プロローグ
『ッたく、娘の気持ち考えない父などに我が縛られるわけがないだろうに』
そういって一人の少女は独走していた。地球ではない何処ぞの世界で
『メア様、いい加減にしてください。サタン様がお決めなさった事なのです。素直にいう事を聞いてください』
メアと呼ばれる見た目16歳前後の眼帯を付けた少女は幾人かの男に追われていた、流れから察するに親の決めた事に対して反対なのだろう、それで現在逃走中という事だ。
『あのような、頭が固すぎる父なんかの言う事なんて聞いてられるか‼︎』
跳躍し、壁キックをしながら逃げて行く、が、行く手を阻むように正面からも追っ手がきた。

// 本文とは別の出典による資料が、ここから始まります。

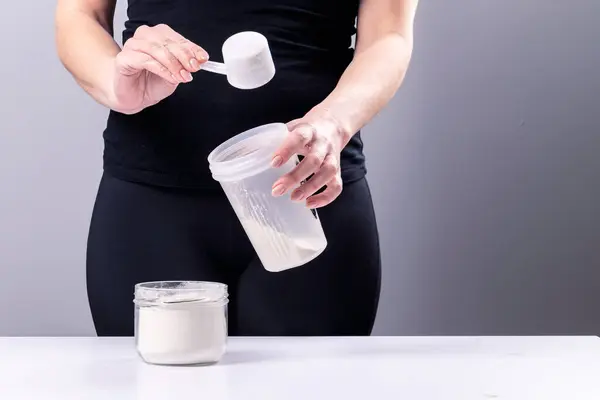 Woman Makes Collagen Mixture Mixing Glass Sports Nutrition Drink Protein Royalty Free Stock Photos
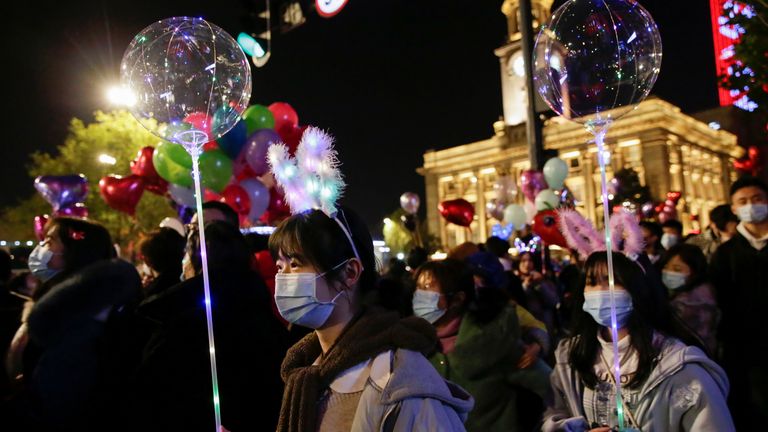 New Year&#39;s Eve celebrations in Wuhan
Women hold light balloons as people gather to celebrate the arrival of the new year during the coronavirus disease (COVID-19) outbreak in Wuhan, China December 31, 2020. REUTERS/Tingshu Wang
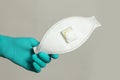 Medical filtering face piece mask in doctor or nurse hand, safety and virus protection concept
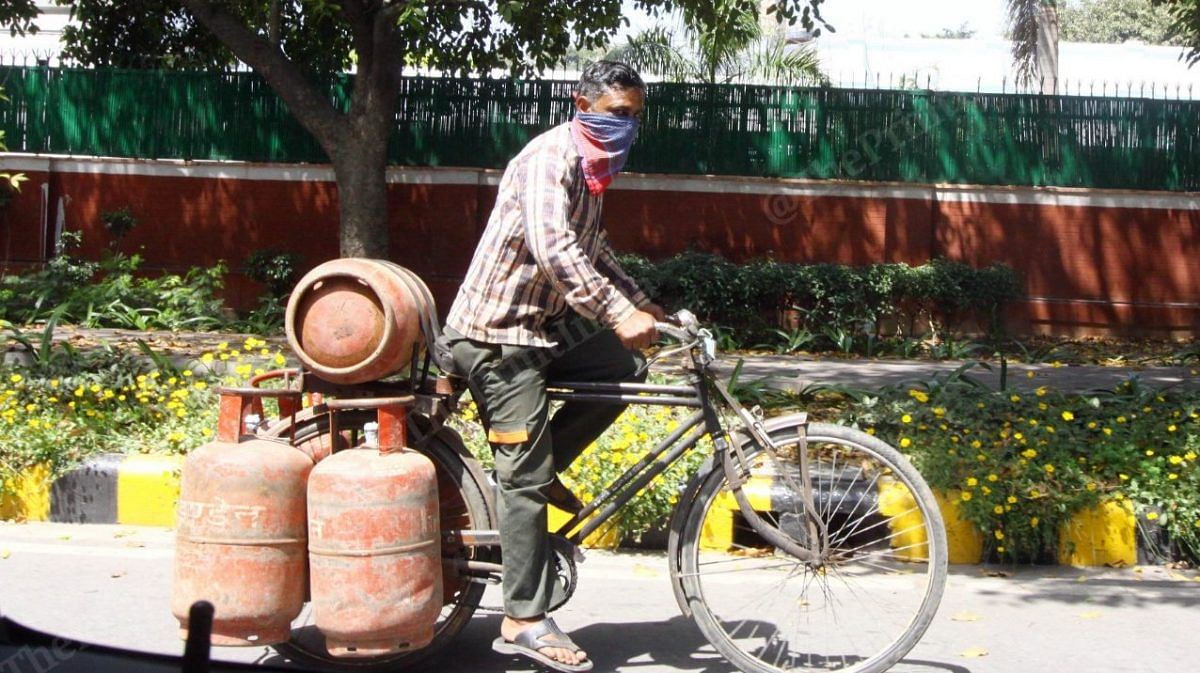 A man delivering gas cylinders during the nationwide coronavirus lockdown (Representational Image) | Photo: Praveen Jain | ThePrint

『くッ、しつこい下等生物どもめ‼︎そんな駄作で我が止められるとでも?』
そういって少女は立ち止まった。そして空間に穴をこじ開け中から刀を召喚した。
『多勢に無勢です。観念してください』
一対十、確かに分が悪い勝負だ、だがそれは同じレベル同士ならばの話だ。
『我が力を見せてやろう、誇れる事ではないがフェレストの名を継ぐものとしてこのぐらいたやすく倒せるのだぞ?』
それと同時に剣を振るう、その刀の刀身はバラバラになりワイヤーのようなものでつなぎとめられた状態になって、あたりを吹き飛ばした。少女が使う武器、それは地球でいう蛇腹剣だった。
『『ぐほぉぁぁ』』
いきなりの攻撃に追っ手も吹き飛ばされる。そして傷口に塩を塗るように少女は更に空間から新たなものを召喚した。
『我と交わした血の契約を果たし、我が身の元に参れ、顕現せよ、ガルムッ‼︎』
その瞬間空間には先ほどと比べ物にならないほど大きな穴が開き、その中から出てきたものはとても巨大な狼のような猛獣だった。
『ガルルァァァアッ‼︎』
飛び出した狂犬はあたりを破壊し追っ手丸ごとダメージを与える。それを待っていたように少女はポケットから一個の小瓶を取り出し空に掲げる。
(こんな世界、出てってやる)
『そ、それはサタン様の転移結晶、何処に飛ばされるかわからないのですよ!?お考え直しください』
その言葉は届く事なく少女は光に包まれ消えていった。
『うわっと』
思いっきり投げ出され地面に尻餅をつく、転移に成功した彼女はまずあたりを観察する事から始めた。
『なんだここ、冥界ではないな』
ブランコや滑り台が立ち並ぶ場所、いわゆる公園だった。少女が使った転移結晶、それは異世界へも転移可能な結晶だったのだ。
『おい、なんで地面から出てくんだよ』
少女が振り向いた先には、青い髪の少年が立っていた。